- [Collected data]:

- - - - -

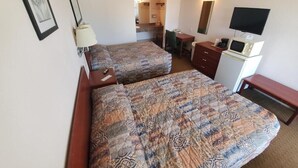 Ein Hotelzimmer mit zwei Betten, einem Schreibtisch, einem Stuhl, einem Fernseher, einer Mikrowelle und einem Schminktisch.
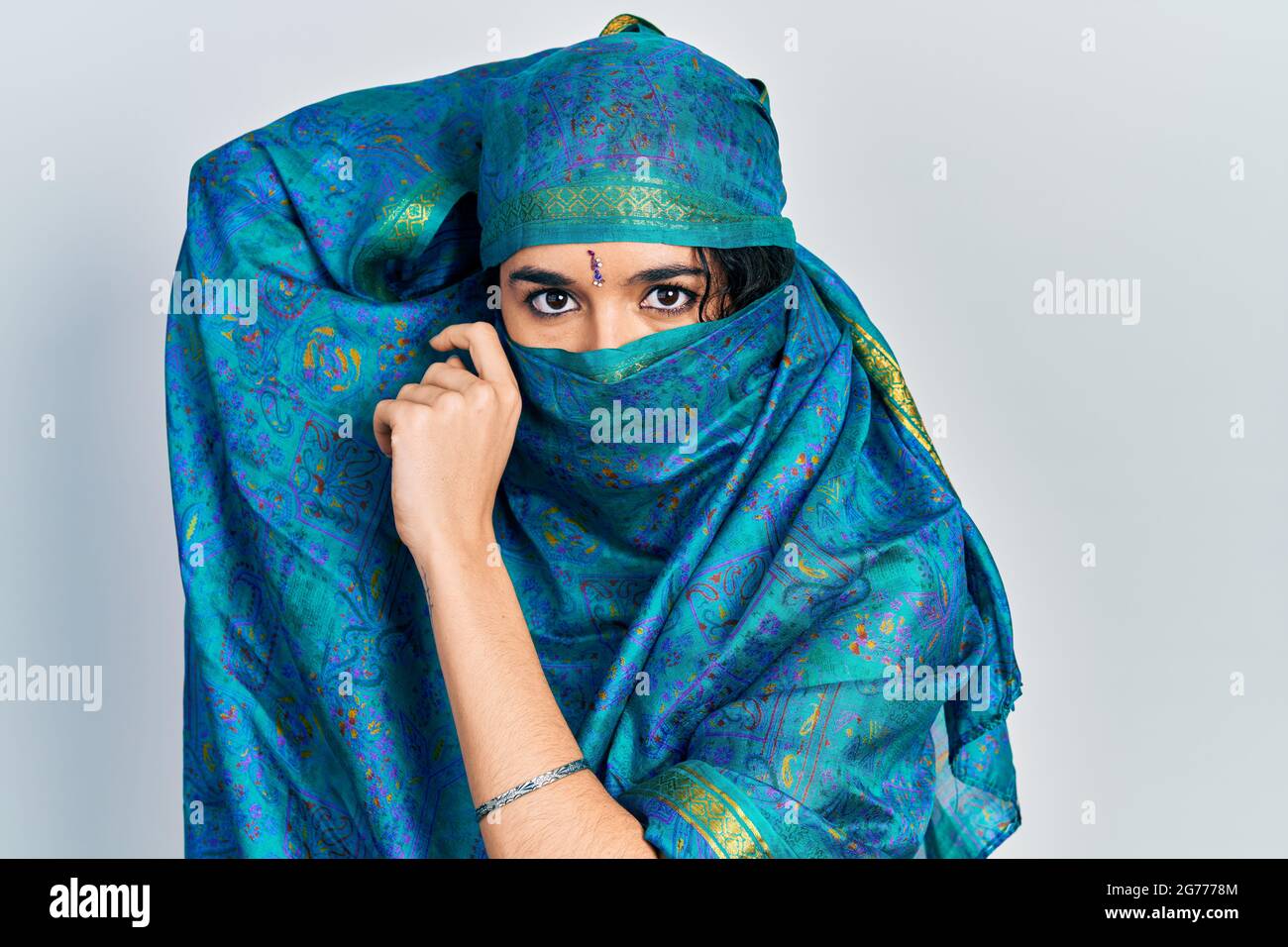 Young indian woman wearing sari covering head and face, doing elegant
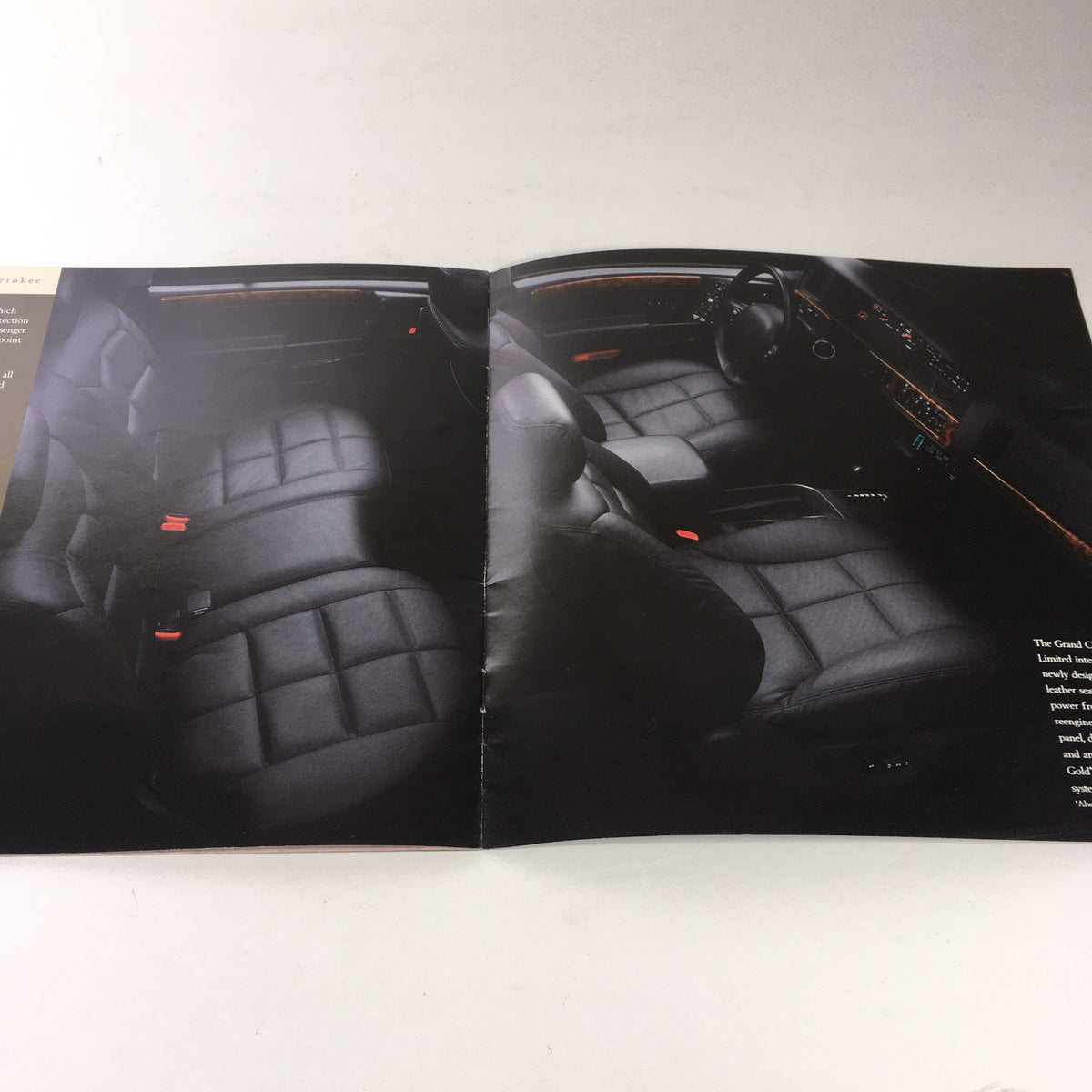 Interior view of a 1996 Jeep TJ Wrangler and CJ-2A showcasing the spacious seating arrangement in a dealership brochure.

- - - - -

- [How to complete this task]:
With pictures excluded, the material is to be written out exactly as given.

- [Response area]:
 Ein Hotelzimmer mit zwei Betten, einem Schreibtisch, einem Stuhl, einem Fernseher, einer Mikrowelle und einem Schminktisch.
 Young indian woman wearing sari covering head and face, doing elegant
 Interior view of a 1996 Jeep TJ Wrangler and CJ-2A showcasing the spacious seating arrangement in a dealership brochure.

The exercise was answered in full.